MaPa addresses text-driven material painting for 3D shapes by using a segment-wise procedural material graph representation and a segment-controlled diffusion bridge to connect text prompts with high-resolution, relightable materials. It segments the mesh, generates segment-aligned 2D images via a segment-conditioned diffusion model, then initializes and optimizes segment-level material graphs through a differentiable rendering pipeline, with iterative recovery and downstream editing. The approach achieves photorealistic, tileable materials with strong editability and outperforms strong baselines in both quantitative metrics (FID/KID) and user studies, while enabling diverse results and image-prompt appearance transfer. This work advances practical 3D asset creation by combining diffusion-based image synthesis, CLIP-based material retrieval, and differentiable graphics to produce controllable, high-quality materials for complex geometries.

Abstract

This paper aims to generate materials for 3D meshes from text descriptions. Unlike existing methods that synthesize texture maps, we propose to generate segment-wise procedural material graphs as the appearance representation, which supports high-quality rendering and provides substantial flexibility in editing. Instead of relying on extensive paired data, i.e., 3D meshes with material graphs and corresponding text descriptions, to train a material graph generative model, we propose to leverage the pre-trained 2D diffusion model as a bridge to connect the text and material graphs. Specifically, our approach decomposes a shape into a set of segments and designs a segment-controlled diffusion model to synthesize 2D images that are aligned with mesh parts. Based on generated images, we initialize parameters of material graphs and fine-tune them through the differentiable rendering module to produce materials in accordance with the textual description. Extensive experiments demonstrate the superior performance of our framework in photorealism, resolution, and editability over existing methods. Project page: https://zju3dv.github.io/MaPa
Paper Structure (32 sections, 2 equations, 10 figures, 1 table)

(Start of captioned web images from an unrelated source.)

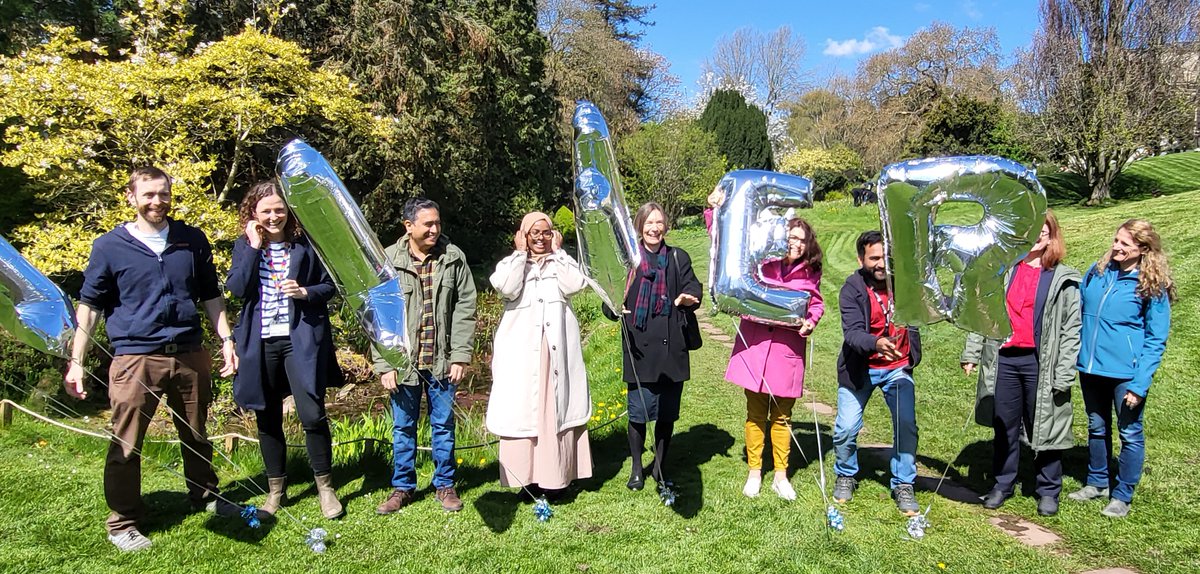 We are really excited to announce that <a href="/CMMBristol/">School of Cellular & Molecular Medicine</a> has been awarded an Athena Swan Silver Award from <a href="/AdvanceHE/">Advance HE</a>. As you can see we are overjoyed with the result, and celebrating in style!! 🦢🥈

Read further: bit.ly/3L7oEeE
#AthenaSwanSilver #CMMBristol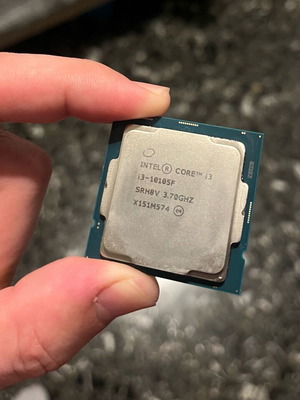 Επεξεργαστής Intel Core i3-10105F σαν καινούργιος, LGA1200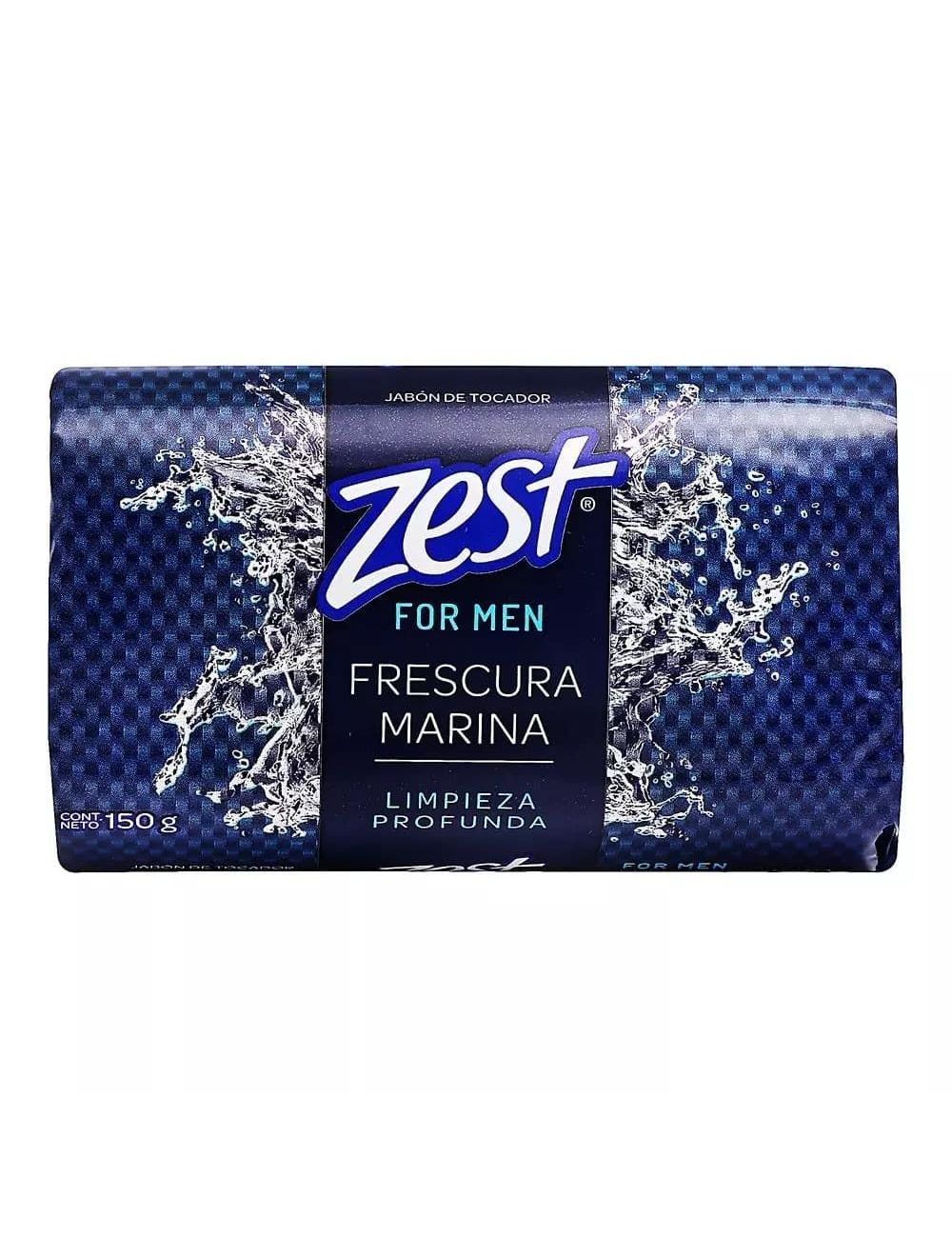 Zest For Men Frescura Marina 150 g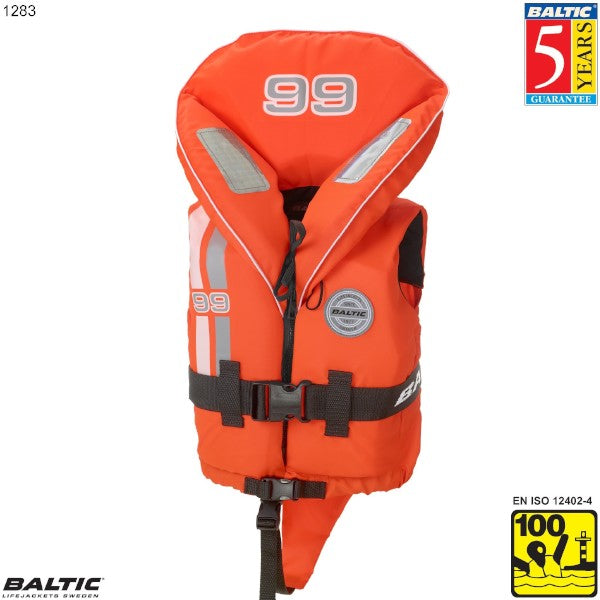 99 redningsvest BALTIC 1283 orange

This paper contains 32 sections, 2 equations, 10 figures, 1 table.

Figures (10)

  • Figure 1: Illustration of our pipeline. Our pipeline primarily consists of four steps: a) Segment-controlled image generation. First, we decompose the input mesh into various segments, project these segments onto 2D images, and then generate the corresponding images using the segment-controlled ControlNet. b) Material grouping. We group segments that share the same material and have similar appearance into a material group. c) Material graph selection and optimization. For each material group, we select an appropriate material graph based on generated images and then optimize this material graph. d) Iterative material recovery. We render additional views of the input mesh with the optimized material graphs, inpaint the missing regions in these rendered images, and repeat steps b) and c) until all segments are assigned with material graphs.
  • Figure 2: Downstream editing. We perform material editing on generated material. The user can edit the material using textual prompts through the GPT-4 and a set of predifined APIs.
  • Figure 3: Qualitative comparisons. The results generated by our method and all the baselines are rendered in the same CG environment for comparison. The prompts for the three objects are: "a photo of a wooden bedside table," "a photo of a toy rocket," and "a photo of a brand-new sword."
  • Figure 4: Diversity of our generated material. We show the diversity of results synthesized by our framework with the same prompt: "A photo of a toy airplane". Images in the first row are generated by diffusion models, and models in the second row are our painted meshes.
  • Figure 5: Appearance transfer. Our method can also take image prompt as input, transferring the appearance of reference images to input objects.